EXERCISE —
Go through the records line by line from the top and repeat each one exactly, ending with the line that contains "Assistent-entomoloog T-shirt (Voorkant)".

DATA SUPPLIED —
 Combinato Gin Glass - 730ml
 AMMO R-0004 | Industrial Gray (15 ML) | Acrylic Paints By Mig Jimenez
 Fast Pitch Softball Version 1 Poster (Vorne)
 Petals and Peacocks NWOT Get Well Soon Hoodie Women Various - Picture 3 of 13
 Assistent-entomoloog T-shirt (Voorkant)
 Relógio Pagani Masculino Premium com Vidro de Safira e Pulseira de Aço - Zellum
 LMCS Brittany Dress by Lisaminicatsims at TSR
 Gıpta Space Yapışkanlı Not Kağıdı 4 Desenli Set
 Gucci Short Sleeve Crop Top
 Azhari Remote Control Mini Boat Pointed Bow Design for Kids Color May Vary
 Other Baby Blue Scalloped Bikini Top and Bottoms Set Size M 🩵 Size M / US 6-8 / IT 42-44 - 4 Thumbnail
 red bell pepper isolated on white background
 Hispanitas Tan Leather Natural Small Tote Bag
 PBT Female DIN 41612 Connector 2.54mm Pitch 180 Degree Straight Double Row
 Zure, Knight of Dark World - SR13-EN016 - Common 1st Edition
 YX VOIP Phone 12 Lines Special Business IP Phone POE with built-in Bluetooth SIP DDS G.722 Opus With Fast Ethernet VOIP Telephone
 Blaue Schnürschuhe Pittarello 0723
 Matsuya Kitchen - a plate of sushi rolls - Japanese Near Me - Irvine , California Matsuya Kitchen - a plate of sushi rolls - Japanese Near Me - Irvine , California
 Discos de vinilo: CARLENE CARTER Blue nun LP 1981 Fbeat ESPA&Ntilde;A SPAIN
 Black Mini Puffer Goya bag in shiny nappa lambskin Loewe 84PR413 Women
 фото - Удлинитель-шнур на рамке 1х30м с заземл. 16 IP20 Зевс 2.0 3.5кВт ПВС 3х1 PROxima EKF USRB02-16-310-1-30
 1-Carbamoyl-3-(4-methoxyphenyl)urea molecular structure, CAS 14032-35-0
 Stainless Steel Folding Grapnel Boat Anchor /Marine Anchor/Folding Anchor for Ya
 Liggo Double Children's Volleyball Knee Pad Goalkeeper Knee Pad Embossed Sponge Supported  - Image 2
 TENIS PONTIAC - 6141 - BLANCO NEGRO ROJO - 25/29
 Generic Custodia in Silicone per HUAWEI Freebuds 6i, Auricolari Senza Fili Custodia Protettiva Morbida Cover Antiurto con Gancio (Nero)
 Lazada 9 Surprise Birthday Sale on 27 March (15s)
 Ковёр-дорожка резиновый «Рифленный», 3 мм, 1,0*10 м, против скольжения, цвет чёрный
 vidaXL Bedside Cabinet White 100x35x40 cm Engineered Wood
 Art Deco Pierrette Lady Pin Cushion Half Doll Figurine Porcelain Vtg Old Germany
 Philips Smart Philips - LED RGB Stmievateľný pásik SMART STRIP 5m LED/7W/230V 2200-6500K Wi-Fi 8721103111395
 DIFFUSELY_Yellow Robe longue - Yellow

SOLUTION FOR THIS TASK —
 Combinato Gin Glass - 730ml
 AMMO R-0004 | Industrial Gray (15 ML) | Acrylic Paints By Mig Jimenez
 Fast Pitch Softball Version 1 Poster (Vorne)
 Petals and Peacocks NWOT Get Well Soon Hoodie Women Various - Picture 3 of 13
 Assistent-entomoloog T-shirt (Voorkant)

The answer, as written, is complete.